Have technological developments changed the design process?

They mostly sped it up. With the arrival of software called CAD/CAM (the technology used for the design and assembly of products, editor’s note), it now takes much less time to make adaptations. Thanks to computers, improving a project has become child’s play.

Then there is of course also the recognizable Mercedes logo, which is confirmed on the bonnet. Do you still care a lot about it?

A few years ago, the logo was still present on the bonnet of all our cars, but now we integrate it more often in the front grille. In our rejuvenation exercise, we notice that the logo in the grille grille is much more accepted.

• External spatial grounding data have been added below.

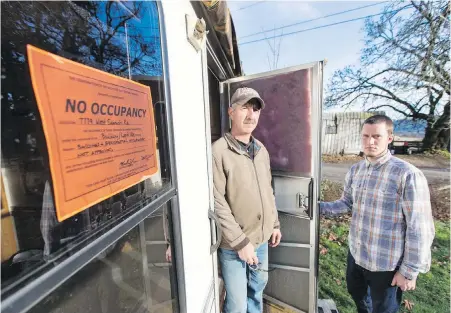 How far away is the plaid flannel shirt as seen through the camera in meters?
1.68

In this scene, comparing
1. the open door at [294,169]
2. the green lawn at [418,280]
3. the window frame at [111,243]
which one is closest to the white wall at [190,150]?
the window frame at [111,243]

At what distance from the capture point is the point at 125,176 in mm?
744

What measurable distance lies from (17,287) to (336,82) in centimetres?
1371

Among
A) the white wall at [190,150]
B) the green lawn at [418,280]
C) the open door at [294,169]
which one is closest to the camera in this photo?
the white wall at [190,150]

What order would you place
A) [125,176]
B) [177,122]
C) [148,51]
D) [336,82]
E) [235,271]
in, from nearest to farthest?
1. [125,176]
2. [148,51]
3. [177,122]
4. [235,271]
5. [336,82]

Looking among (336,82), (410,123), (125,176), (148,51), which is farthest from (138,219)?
(410,123)

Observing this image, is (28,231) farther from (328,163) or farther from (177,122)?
(328,163)

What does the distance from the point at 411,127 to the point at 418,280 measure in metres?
12.2

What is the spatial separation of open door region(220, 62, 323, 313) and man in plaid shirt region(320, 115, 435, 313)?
15.4 inches

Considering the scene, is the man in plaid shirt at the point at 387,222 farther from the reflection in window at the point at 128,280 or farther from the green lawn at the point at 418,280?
the reflection in window at the point at 128,280

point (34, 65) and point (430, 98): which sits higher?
point (430, 98)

Is the design team mainly behind this rejuvenation exercise or is it still more marketing?

It’s basically design. You can apprehend the market with extremely young marketing, but if your car models don’t match that image, you’re nowhere. But one does not go without the other, of course. »

Do you proceed differently when designing a car in a cheaper price category than when designing a more expensive model?

It goes without saying that a designer knows what is expected of a project when it starts. When designing our top model, the S-Class, other elements are taken into account because we are addressing a different target group. People who choose our most expensive cars, for example, are even more sensitive to finish and detail. But design is design, and it’s always the same people working on the projects.